9.
José da Silva Moraes
Sino da
Igreja Nossa Senhora do Carmo
Rua Cel.
Monjardim
Centro,
Vitória-ES
CEP.:
29015-500
Era um
livro. Caderno tem a serventia de poder usá-lo para tomar nota. Em
contrapartida um livro é um objeto de leitura. Traz as informações prontas
dentro de si e a nossa única liberdade está na interpretação do conteúdo ali
descrito. Somos escravos de suas linhas e caminhamos pelas veredas impostas
pelo autor. O problema do livro negro que me atormentou intensamente era o fato
de o autor ser oculto. As palavras brotavam de suas páginas anunciando o
minguar de outra vida. As almas ali descritas receberam a pior sentença que se
pode receber: foram condenadas, por um tribunal invisível, pelos seus crimes
desconhecidos. Desconhecidos, pois eu ainda não conhecia o motivo do nome
delas aparecerem nas laudas obscuras. Assim como eu também não sabia quem
era o executor das malditas penas.
Continuei
sentado. Livro no chão. Olhar fixo na parede à minha frente. Respirava
freneticamente. Por um momento, senti que iria desfalecer ali mesmo. O mundo
girou ao meu redor e a visão ficou turva como se faltasse oxigênio para o
cérebro trabalhar. Fiquei ali sem ter coragem para apanhar o livro que estava
às avessas derramado sobre o tapete da sala. Levantei da poltrona lentamente e
saí por um momento até a escada que dava para o portão da frente. Precisava
respirar um pouco de ar fresco.

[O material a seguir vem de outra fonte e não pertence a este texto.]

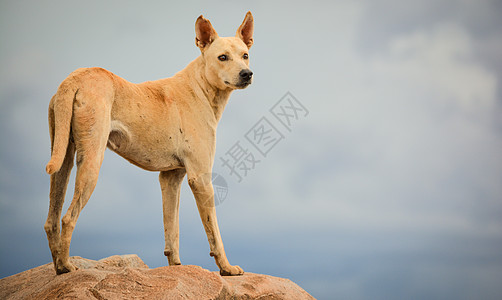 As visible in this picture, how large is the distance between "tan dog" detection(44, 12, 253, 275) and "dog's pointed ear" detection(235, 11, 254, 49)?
0.05ft

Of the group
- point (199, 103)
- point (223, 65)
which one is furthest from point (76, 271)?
point (223, 65)

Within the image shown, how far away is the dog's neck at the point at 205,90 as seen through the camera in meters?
7.17

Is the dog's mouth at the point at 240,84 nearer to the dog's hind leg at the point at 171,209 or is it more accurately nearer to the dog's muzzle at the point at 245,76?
the dog's muzzle at the point at 245,76

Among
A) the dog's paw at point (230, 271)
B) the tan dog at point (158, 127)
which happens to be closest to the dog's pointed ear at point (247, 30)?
the tan dog at point (158, 127)

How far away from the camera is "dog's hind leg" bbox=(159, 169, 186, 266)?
738 cm

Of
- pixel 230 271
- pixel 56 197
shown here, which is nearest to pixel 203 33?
pixel 56 197

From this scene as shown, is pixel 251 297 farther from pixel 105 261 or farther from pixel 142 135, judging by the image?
pixel 105 261

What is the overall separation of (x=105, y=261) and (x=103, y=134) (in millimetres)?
3300

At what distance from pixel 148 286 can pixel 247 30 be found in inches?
164

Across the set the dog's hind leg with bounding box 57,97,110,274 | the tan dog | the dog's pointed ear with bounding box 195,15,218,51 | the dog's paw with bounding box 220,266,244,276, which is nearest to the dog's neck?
the tan dog

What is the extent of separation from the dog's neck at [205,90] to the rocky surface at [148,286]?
96.2 inches

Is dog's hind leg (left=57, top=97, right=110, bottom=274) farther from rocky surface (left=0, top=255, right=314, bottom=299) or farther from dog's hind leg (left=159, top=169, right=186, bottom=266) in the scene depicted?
dog's hind leg (left=159, top=169, right=186, bottom=266)

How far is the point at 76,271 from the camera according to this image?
5.70 m

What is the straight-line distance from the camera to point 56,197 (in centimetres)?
614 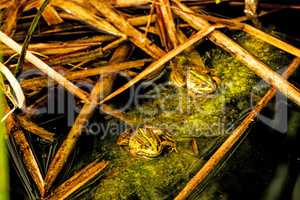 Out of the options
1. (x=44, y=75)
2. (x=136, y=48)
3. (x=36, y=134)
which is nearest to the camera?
(x=36, y=134)

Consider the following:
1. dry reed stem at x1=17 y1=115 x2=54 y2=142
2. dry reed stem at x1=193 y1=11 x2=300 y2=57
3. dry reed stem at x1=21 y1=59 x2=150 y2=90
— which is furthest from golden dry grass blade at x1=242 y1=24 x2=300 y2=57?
dry reed stem at x1=17 y1=115 x2=54 y2=142

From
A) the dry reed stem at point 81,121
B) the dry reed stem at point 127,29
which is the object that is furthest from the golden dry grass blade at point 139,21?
the dry reed stem at point 81,121

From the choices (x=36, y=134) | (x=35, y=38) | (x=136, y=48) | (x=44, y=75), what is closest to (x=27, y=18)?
(x=35, y=38)

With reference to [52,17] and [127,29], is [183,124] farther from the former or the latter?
[52,17]

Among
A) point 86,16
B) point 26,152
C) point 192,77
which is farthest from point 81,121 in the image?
point 86,16

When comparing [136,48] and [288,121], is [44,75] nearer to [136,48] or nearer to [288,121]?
[136,48]

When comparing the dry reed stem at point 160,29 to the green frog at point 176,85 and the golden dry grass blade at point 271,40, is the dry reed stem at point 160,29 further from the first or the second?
the golden dry grass blade at point 271,40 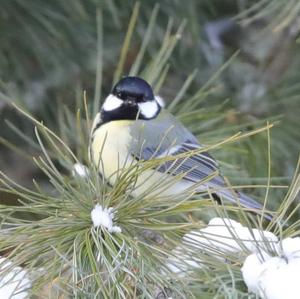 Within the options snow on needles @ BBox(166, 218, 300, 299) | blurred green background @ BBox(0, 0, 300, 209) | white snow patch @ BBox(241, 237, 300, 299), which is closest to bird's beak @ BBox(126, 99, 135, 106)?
blurred green background @ BBox(0, 0, 300, 209)

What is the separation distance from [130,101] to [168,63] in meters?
0.43

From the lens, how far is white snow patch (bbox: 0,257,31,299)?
863 mm

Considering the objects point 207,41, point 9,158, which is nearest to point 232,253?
point 207,41

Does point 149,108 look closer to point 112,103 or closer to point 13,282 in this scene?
point 112,103

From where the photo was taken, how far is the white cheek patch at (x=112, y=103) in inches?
53.4

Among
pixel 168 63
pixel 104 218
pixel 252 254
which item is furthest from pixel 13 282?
pixel 168 63

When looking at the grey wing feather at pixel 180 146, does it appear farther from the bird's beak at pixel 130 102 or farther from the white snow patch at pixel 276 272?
the white snow patch at pixel 276 272

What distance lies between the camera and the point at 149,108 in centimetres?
136

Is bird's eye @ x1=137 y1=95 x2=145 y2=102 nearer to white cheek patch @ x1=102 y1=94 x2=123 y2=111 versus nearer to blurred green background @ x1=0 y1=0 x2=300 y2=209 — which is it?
white cheek patch @ x1=102 y1=94 x2=123 y2=111

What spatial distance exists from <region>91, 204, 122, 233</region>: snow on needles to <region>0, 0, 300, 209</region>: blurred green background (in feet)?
2.02

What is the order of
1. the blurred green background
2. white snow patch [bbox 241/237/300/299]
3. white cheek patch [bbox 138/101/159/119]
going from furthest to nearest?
the blurred green background, white cheek patch [bbox 138/101/159/119], white snow patch [bbox 241/237/300/299]

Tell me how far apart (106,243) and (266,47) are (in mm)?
1090

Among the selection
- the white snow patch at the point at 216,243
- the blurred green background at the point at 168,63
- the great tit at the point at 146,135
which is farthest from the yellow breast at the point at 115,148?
the white snow patch at the point at 216,243

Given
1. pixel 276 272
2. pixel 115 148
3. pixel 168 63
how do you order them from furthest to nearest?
1. pixel 168 63
2. pixel 115 148
3. pixel 276 272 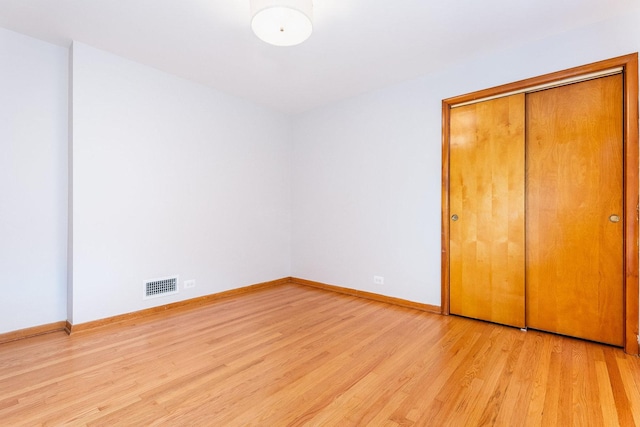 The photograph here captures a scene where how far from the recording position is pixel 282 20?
6.48 feet

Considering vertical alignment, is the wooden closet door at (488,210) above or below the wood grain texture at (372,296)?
above

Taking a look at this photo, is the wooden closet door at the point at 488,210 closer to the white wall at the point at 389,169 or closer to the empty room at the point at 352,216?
the empty room at the point at 352,216

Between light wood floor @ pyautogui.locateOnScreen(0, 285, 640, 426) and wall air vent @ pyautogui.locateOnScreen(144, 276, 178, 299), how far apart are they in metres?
0.35

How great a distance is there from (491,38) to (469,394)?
274 cm

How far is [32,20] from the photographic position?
2.40m

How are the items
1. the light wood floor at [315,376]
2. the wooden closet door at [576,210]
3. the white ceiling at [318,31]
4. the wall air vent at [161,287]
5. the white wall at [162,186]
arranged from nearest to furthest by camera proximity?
the light wood floor at [315,376], the white ceiling at [318,31], the wooden closet door at [576,210], the white wall at [162,186], the wall air vent at [161,287]

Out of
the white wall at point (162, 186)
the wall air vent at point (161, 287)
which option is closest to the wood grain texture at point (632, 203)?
the white wall at point (162, 186)

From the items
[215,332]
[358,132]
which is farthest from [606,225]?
[215,332]

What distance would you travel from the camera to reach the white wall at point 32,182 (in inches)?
99.0

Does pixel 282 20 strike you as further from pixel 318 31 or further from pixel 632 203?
pixel 632 203

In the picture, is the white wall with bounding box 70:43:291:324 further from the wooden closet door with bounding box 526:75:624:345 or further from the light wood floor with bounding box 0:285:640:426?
the wooden closet door with bounding box 526:75:624:345

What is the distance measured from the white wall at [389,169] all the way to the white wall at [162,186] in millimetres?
551

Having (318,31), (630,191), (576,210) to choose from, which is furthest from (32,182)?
(630,191)

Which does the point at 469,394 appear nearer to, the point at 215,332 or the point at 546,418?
the point at 546,418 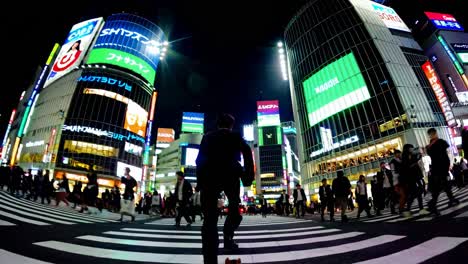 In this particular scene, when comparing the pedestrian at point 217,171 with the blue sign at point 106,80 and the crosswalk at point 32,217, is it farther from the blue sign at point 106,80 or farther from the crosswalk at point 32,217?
the blue sign at point 106,80

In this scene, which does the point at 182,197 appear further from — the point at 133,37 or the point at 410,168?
the point at 133,37

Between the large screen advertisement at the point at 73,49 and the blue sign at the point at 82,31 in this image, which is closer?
the large screen advertisement at the point at 73,49

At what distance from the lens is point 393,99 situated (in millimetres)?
28625

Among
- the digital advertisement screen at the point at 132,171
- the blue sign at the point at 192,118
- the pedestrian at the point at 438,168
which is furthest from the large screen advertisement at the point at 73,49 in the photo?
the pedestrian at the point at 438,168

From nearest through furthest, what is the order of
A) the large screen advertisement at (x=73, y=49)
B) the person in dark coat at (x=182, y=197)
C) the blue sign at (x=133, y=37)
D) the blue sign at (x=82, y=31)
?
the person in dark coat at (x=182, y=197) < the large screen advertisement at (x=73, y=49) < the blue sign at (x=82, y=31) < the blue sign at (x=133, y=37)

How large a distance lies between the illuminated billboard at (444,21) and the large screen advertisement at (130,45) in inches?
2101

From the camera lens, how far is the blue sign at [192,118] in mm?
80625

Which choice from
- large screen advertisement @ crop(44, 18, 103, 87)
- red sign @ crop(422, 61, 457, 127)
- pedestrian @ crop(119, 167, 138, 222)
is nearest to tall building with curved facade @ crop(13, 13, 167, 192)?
large screen advertisement @ crop(44, 18, 103, 87)

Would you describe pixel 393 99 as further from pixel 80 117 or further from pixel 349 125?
pixel 80 117

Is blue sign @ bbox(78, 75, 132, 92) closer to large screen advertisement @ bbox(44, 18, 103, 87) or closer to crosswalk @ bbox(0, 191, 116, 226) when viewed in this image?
large screen advertisement @ bbox(44, 18, 103, 87)

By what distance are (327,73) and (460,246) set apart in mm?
39764

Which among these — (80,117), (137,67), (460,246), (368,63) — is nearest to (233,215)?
(460,246)

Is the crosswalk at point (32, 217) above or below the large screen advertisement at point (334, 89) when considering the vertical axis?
below

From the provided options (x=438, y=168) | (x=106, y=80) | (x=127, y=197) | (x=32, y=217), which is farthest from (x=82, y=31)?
(x=438, y=168) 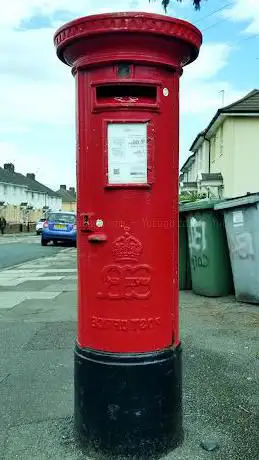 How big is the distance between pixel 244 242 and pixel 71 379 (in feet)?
12.3

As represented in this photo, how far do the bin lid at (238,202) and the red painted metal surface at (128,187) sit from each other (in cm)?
429

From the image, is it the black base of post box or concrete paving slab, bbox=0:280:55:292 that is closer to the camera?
the black base of post box

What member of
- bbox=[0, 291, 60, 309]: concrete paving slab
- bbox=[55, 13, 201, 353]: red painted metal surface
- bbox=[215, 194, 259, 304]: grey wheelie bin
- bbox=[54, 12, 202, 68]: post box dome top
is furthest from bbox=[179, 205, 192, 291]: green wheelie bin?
bbox=[54, 12, 202, 68]: post box dome top

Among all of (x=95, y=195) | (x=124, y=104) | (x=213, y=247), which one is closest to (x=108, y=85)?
(x=124, y=104)

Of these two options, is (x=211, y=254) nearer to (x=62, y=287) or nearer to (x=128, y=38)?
(x=62, y=287)

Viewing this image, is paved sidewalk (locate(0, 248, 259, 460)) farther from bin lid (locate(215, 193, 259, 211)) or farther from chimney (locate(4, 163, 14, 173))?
chimney (locate(4, 163, 14, 173))

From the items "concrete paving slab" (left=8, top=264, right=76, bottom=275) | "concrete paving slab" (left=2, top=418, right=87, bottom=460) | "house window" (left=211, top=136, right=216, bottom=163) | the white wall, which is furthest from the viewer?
the white wall

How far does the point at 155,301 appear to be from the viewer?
2965 mm

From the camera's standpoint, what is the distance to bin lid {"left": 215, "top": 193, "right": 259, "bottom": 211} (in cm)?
709

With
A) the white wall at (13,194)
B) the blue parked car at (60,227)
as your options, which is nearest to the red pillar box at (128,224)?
the blue parked car at (60,227)

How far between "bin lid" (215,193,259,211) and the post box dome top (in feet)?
14.3

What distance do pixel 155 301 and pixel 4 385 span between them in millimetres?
2005

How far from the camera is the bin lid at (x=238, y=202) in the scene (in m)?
7.09

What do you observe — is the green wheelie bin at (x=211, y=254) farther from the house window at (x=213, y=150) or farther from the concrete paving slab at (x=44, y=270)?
the house window at (x=213, y=150) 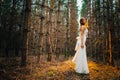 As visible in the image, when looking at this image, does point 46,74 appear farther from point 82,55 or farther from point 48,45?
point 48,45

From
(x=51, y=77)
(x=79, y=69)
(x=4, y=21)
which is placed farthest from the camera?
(x=4, y=21)

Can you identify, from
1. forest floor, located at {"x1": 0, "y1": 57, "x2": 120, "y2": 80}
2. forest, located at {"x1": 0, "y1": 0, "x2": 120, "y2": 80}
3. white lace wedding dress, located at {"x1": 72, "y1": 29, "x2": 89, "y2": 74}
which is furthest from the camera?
white lace wedding dress, located at {"x1": 72, "y1": 29, "x2": 89, "y2": 74}

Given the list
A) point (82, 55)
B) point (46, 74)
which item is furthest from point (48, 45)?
point (46, 74)

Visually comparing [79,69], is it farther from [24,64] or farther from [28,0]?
[28,0]

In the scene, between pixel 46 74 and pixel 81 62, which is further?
pixel 81 62

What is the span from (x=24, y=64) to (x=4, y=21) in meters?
12.4

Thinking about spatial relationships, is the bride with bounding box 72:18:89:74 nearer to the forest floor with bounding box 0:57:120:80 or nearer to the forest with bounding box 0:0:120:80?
the forest floor with bounding box 0:57:120:80

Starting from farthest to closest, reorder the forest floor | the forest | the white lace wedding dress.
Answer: the white lace wedding dress
the forest
the forest floor

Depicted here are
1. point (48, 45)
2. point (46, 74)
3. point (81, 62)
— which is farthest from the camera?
point (48, 45)

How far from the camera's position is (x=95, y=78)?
27.1ft

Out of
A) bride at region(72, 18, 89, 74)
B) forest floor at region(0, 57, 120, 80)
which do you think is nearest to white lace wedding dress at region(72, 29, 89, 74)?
bride at region(72, 18, 89, 74)

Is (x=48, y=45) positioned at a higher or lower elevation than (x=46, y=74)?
higher

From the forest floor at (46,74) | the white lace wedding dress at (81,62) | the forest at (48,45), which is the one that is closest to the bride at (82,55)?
the white lace wedding dress at (81,62)

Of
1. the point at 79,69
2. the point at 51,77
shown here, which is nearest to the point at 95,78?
the point at 79,69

Tentei acordar daquele pesadelo, pois eu me
sentia um personagem sem graça de um livro ridículo de mistério escrito por um
autor medíocre que arquitetava a minha vida entre um gole e outro do rum mais
barato da prateleira. Sem ter certeza do motivo, chorei intensamente. Percebi
que as lágrimas não eram vãs. Talvez apenas eu tivesse chorado a morte daquele
alguém tão desconhecido para mim, porém que fora o único a saber algo a mais
sobre a minha vida. Ou melhor, parecia ser o único que tinha as respostas para
as múltiplas perguntas que me sufocavam, matando o resto de mim que ainda
resistia.
Voltei para
dentro de casa e resolvi analisar novamente aquelas páginas. Era exatamente o
que eu tinha visto. Uma página preta a mais. O nome daquele homem que tinha
acabado de falecer na minha frente estava gravado em vermelho em suas linhas.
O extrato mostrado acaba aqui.